Decoding Market Value: Supreme Court Blueprints Guide the Way

Justice Chowdhary dissected the evidence, faulting the Reference Court for sidelining credible sales and testimony. Drawing from Supreme Court lore, he championed the comparable sales method as gold standard under Section 23—proximity in time, location, and features trumps speculation.

  • Viluben Jhalejar Contractor v. State of Gujarat (2005) 4 SCC 789: Market value mirrors willing buyer-seller deals; adjust for positives/negatives.
  • Major General Kapil Mehra v. Union of India (2014) AIR SC 6086: Factor geography, use, road proximity, nearby sales.
  • Karnataka Urban Water Supply v. K.S. Gangadharappa (2009) 11 SCC 164: Sales must be timely, bona fide, adjacent, similarly advantaged.

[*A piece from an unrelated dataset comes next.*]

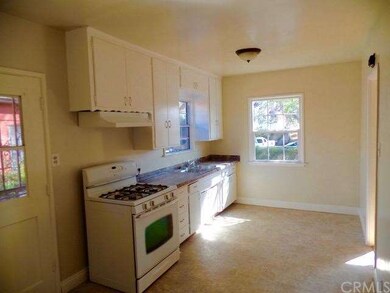 Front Unit Kitchen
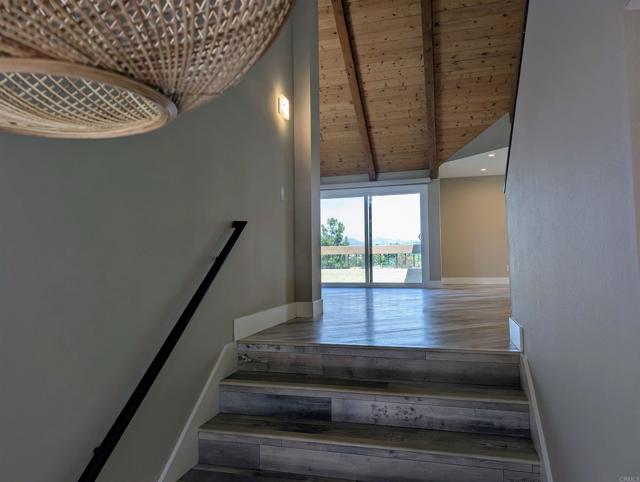 Detail Gallery Image 4 of 45 For 17453 Carnton Way, San Diego,  CA 92128 - 3 Beds | 3 Baths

Averaging the two deeds' rates yielded ₹4.66 lakh, rounded to ₹4.67 lakh—eschewing outliers, honoring municipal limits and commercial perks. Distance? "Immaterial... in the face of commercial value," the Court quipped, echoing LiveLaw's spotlight on road access and development.

Key Observations

"Ultimately, it is in the interest of justice for the land losers to be awarded fair compensation. All attempts should be taken to award fair compensation to the extent possible on the basis of their accessibility to different kinds of roads, locational advantages, etc." (Para 21)

"The comparable sales method ... furnishes the evidence for determination of the market value... at which the willing purchaser would pay for acquired land." (Para 20)

"Distance from a district headquarters... does not make any difference... particularly, in the face of the commercial value of the place where it had been acquired." (Para 22)

"Market value is ordinarily the price the property may fetch in the open market if sold by a willing seller unaffected by the special needs of a particular purchase." (Quoting Viluben, Para 17)

Victory for Land Losers: Enhanced Payout with Interest

The appeal succeeded: Reference Court findings on market value overturned. Landowners get ₹4,67,000 per kanal, adjusted for prior payments, plus 15% Jabrana and 6% simple interest from possession date. This sets a precedent for realistic valuations in J&K acquisitions—prioritizing evidence over mechanical cuts—potentially easing payouts for future public projects while balancing state needs. A win underscoring acquisition law's equity core.